As for materials, the copper for the exterior was donated by a museum sponsor, Kennecott Copper Mine, which is located on the other side of the Salt Lake valley. Fly ash was used in the concrete, which not only helped reduce the impact of the material, but also gave it a wonderful velvety color. Stone removed during excavation was reused in gabion baskets to create retaining walls around the building. Recycled and other local materials were also used extensively for the building’s construction.
The layout of the exhibition space gives the impression that you just went on a hike as you traverse and zig-zag back and forth.

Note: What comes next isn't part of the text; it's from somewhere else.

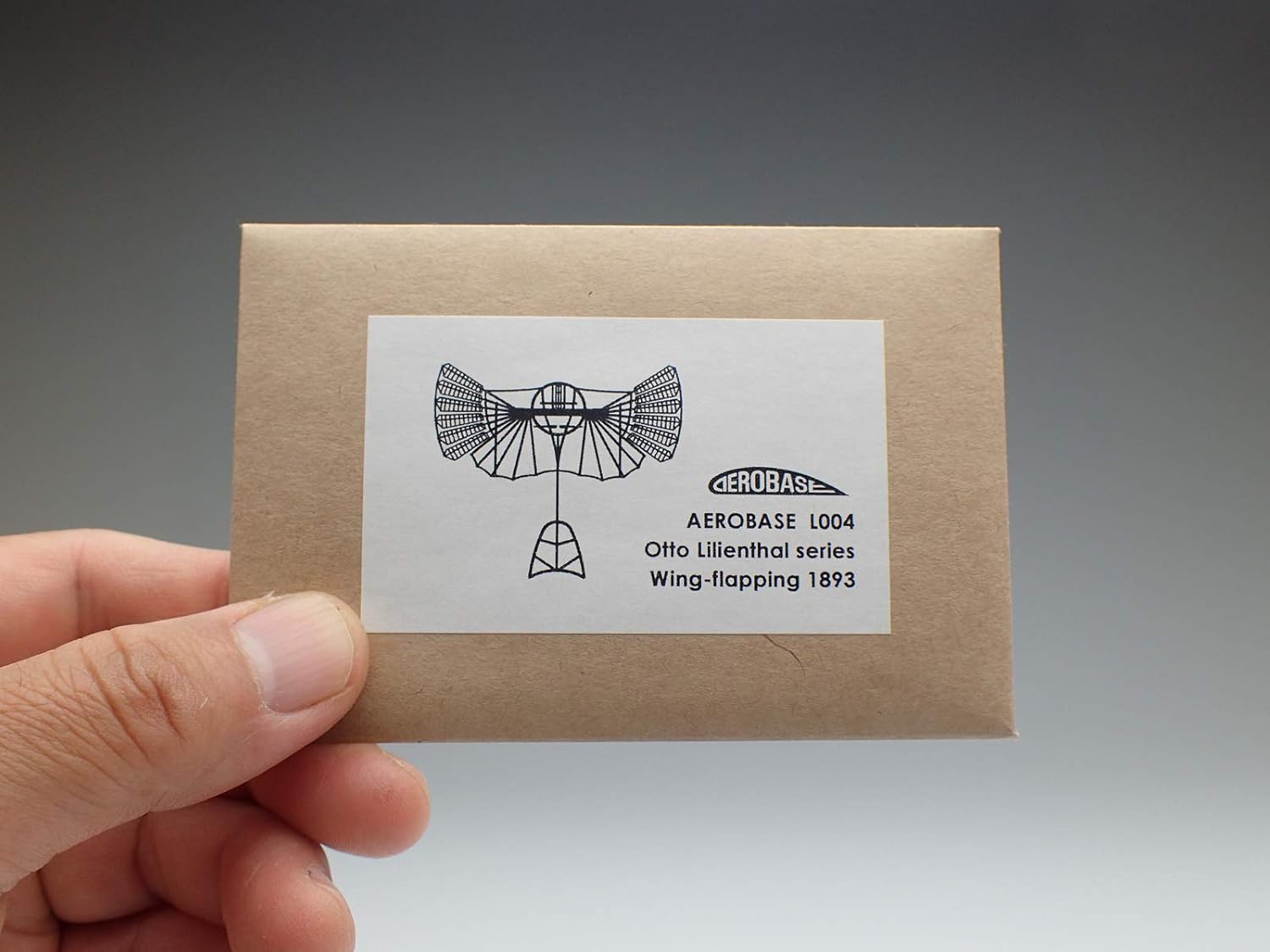 Amazon エアロベース マイクロリリエンタール L004 羽ばたきグライダー13年式 真鍮モデル プラモデル 通販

Daylighting in museums is a tricky subject as UV light can damage precious artifacts, but key window placements were created to allow visitors views of the surrounding mountains and let in daylight where it was safe. Other spaces of the museum, like the canyon and conference rooms enjoy ample daylighting.
At the end of the tour, you’ll feel as if you went on a journey and likely want to go back – whether to learn more or just to play. And while we know a lot about our history, geography, and heritage, there is still so much more to discover and learn. The Utah Natural History Museum is dedicated to all of this and should surely be a stop if you ever visit Salt Lake City. When questioned as to what his favorite part of the museum’s collection was, Schliemann told us, “The land of Utah is actually the most spectacular part of the collection.”